▶ _Activity_
Reproduce exactly, and only, the lines of the material below running from the line bearing "Vintage Blue Polynesia" through the line bearing "Polo Class Cloud". Leave any pictures out.

▶ _Data under study_

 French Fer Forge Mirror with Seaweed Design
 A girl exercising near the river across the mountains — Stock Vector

...

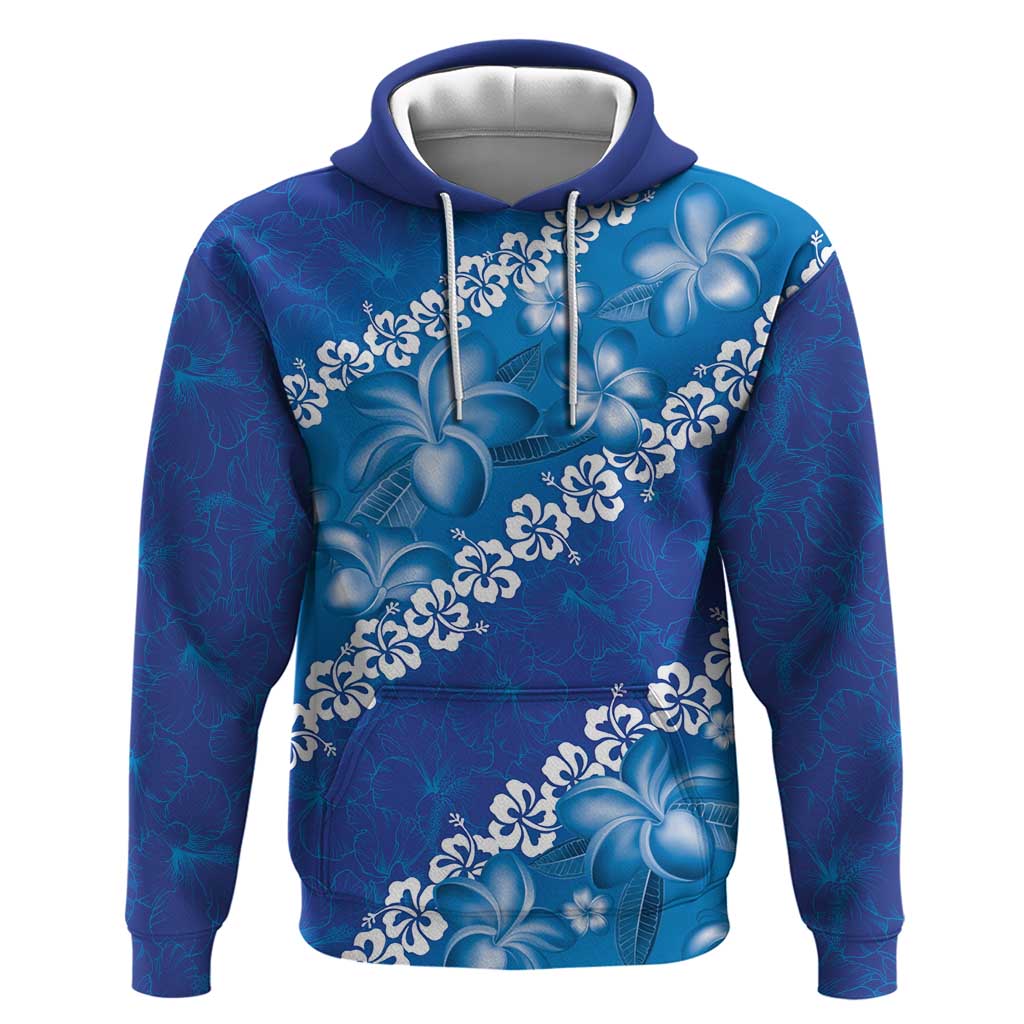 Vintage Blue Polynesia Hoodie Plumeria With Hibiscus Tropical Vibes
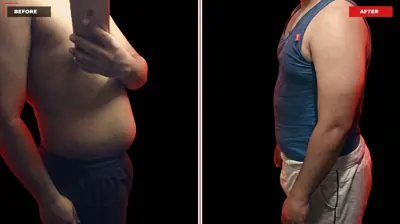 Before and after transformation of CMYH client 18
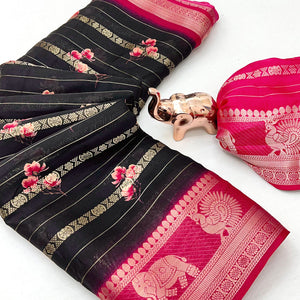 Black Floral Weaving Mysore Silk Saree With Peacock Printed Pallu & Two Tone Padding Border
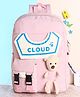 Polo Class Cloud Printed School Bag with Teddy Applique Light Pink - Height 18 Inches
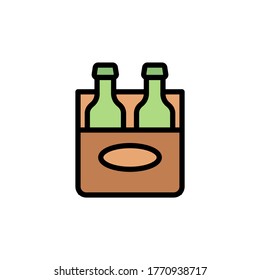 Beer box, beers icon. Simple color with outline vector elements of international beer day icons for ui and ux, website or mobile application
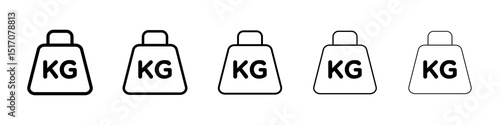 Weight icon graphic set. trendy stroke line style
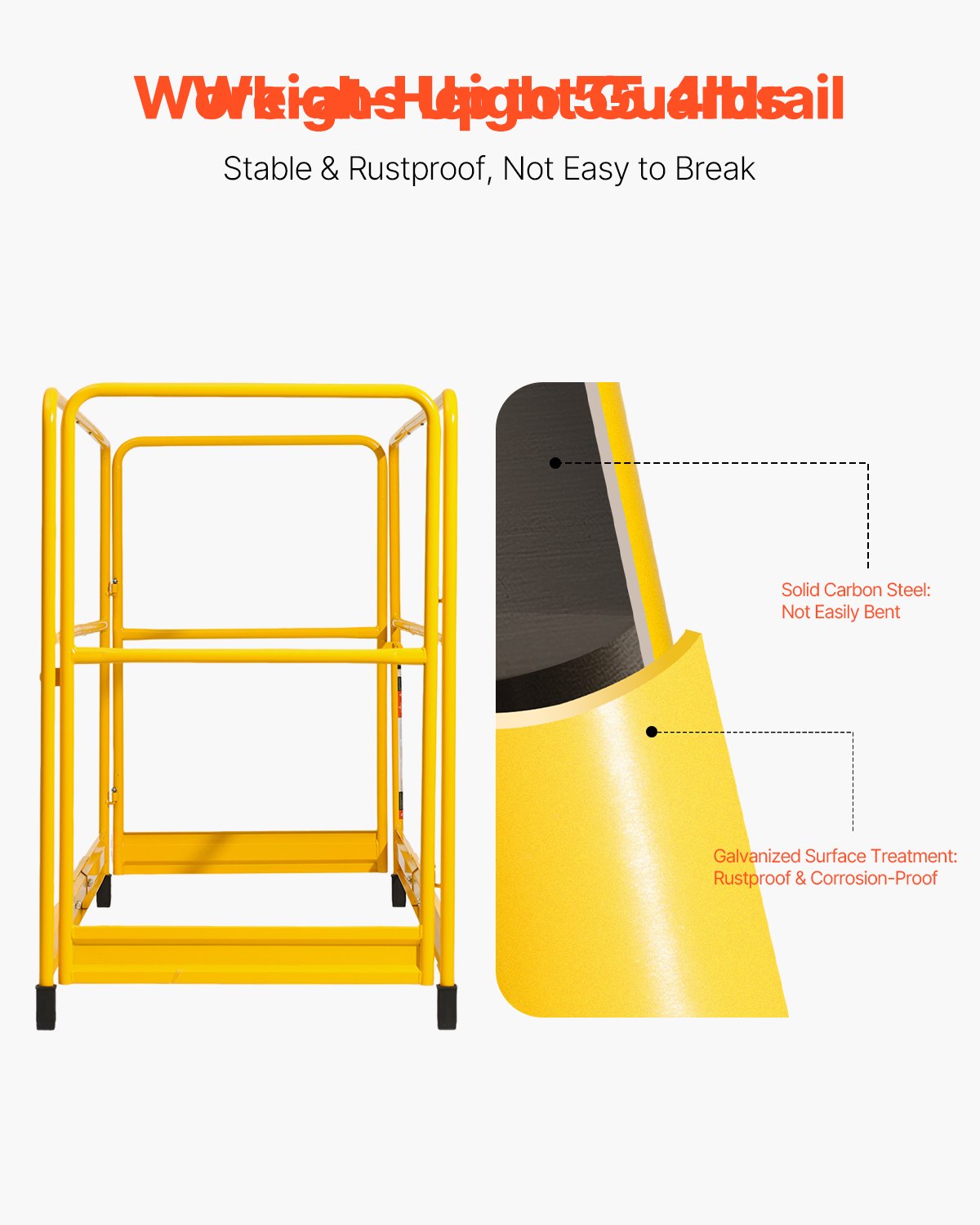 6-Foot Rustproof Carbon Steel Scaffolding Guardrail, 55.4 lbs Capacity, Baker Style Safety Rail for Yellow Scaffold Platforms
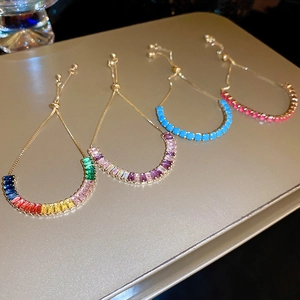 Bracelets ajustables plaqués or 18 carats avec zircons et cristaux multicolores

▶ _Answer space_
 Vintage Blue Polynesia Hoodie Plumeria With Hibiscus Tropical Vibes
 Before and after transformation of CMYH client 18
 Black Floral Weaving Mysore Silk Saree With Peacock Printed Pallu & Two Tone Padding Border
 Polo Class Cloud Printed School Bag with Teddy Applique Light Pink - Height 18 Inches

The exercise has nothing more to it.